Haring was one of the most important artists and social activists of his time whose radiant and provocative work reflects the politically charged era of Ronald Reagan’s America. Even if you don’t know his name, you’ll be familiar with his unique drawing style and repeated motifs that include outlined figures, barking dogs and radiant babies. At first glance the symbols look simple and one dimensional, but they reveal an intense emotional backdrop to his creative energy with recurring themes of love, sex, compassion, fear, birth and death.

“For Tate Liverpool to host the first major exhibition of his work in the UK is a massive win for Merseyside”

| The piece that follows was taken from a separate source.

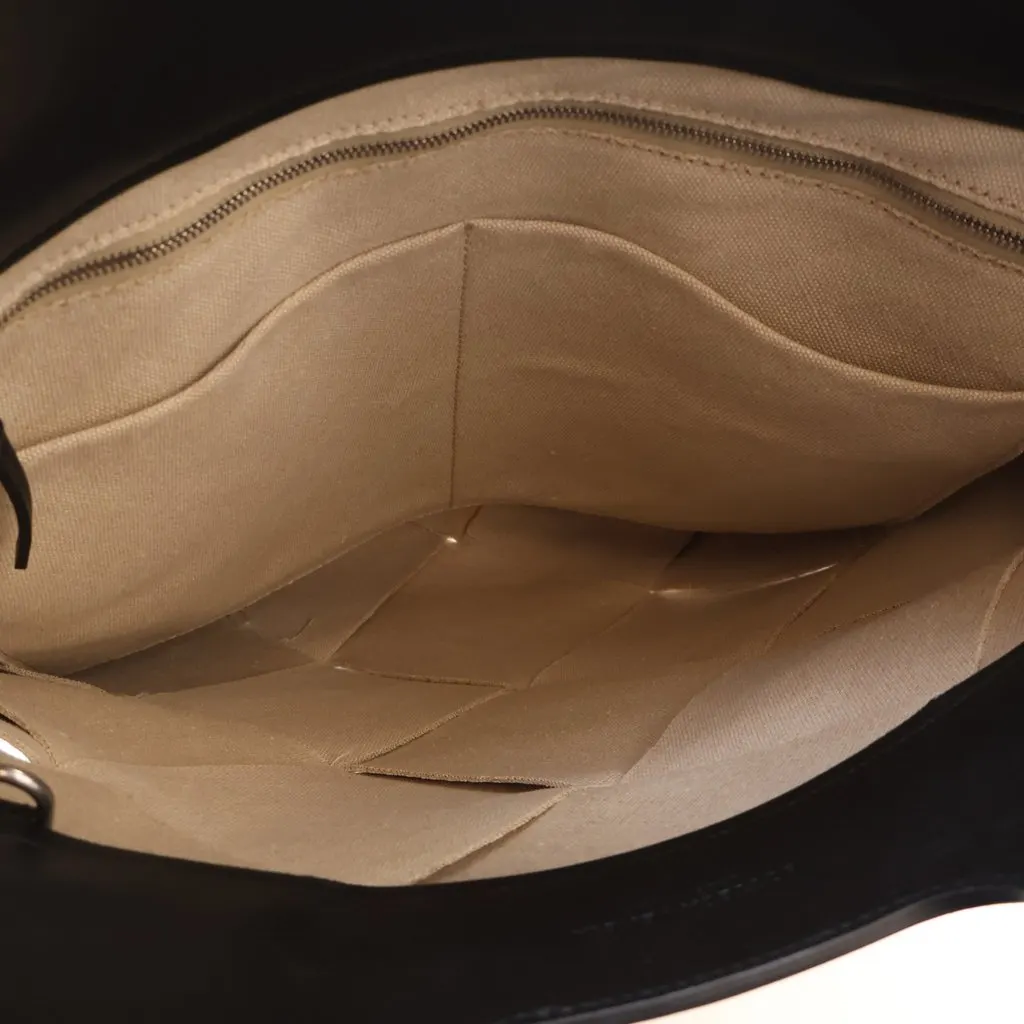 Bottega Veneta Small Canvas French Calfskin Slip Tote Beige Canvas Very good - Model View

For Tate Liverpool to host the first major exhibition of his work in the UK is a massive win for Merseyside. The privilege comes with an entry fee in excess of a tenner which might raise a few eyebrows; Haring famously advocated the idea of art for everybody. But it’s a fully immersive experience that deserves a good 90 minutes to fully appreciate the context behind his work. Whether you’re a child of the 80s or not, the exhibition is an Aladdin’s Cave for the sugar-coated decade that gave us MTV and nuclear paranoia.

There are more than 85 objects on display, including video and sound clips, following a loose chronological order that covers Haring’s passion for art, activism, club life and pop culture. The big psychedelic pieces are at once playful and provocative, exhilarating to see in such an intimate setting, and enhanced by a wealth of archive materials dotted around that add background to the stories behind them: press releases, club flyers, party invites, magazine covers, record sleeves and fashion from his collaborations with Grace Jones, Madonna, Malcolm McClaren and Vivienne Westwood.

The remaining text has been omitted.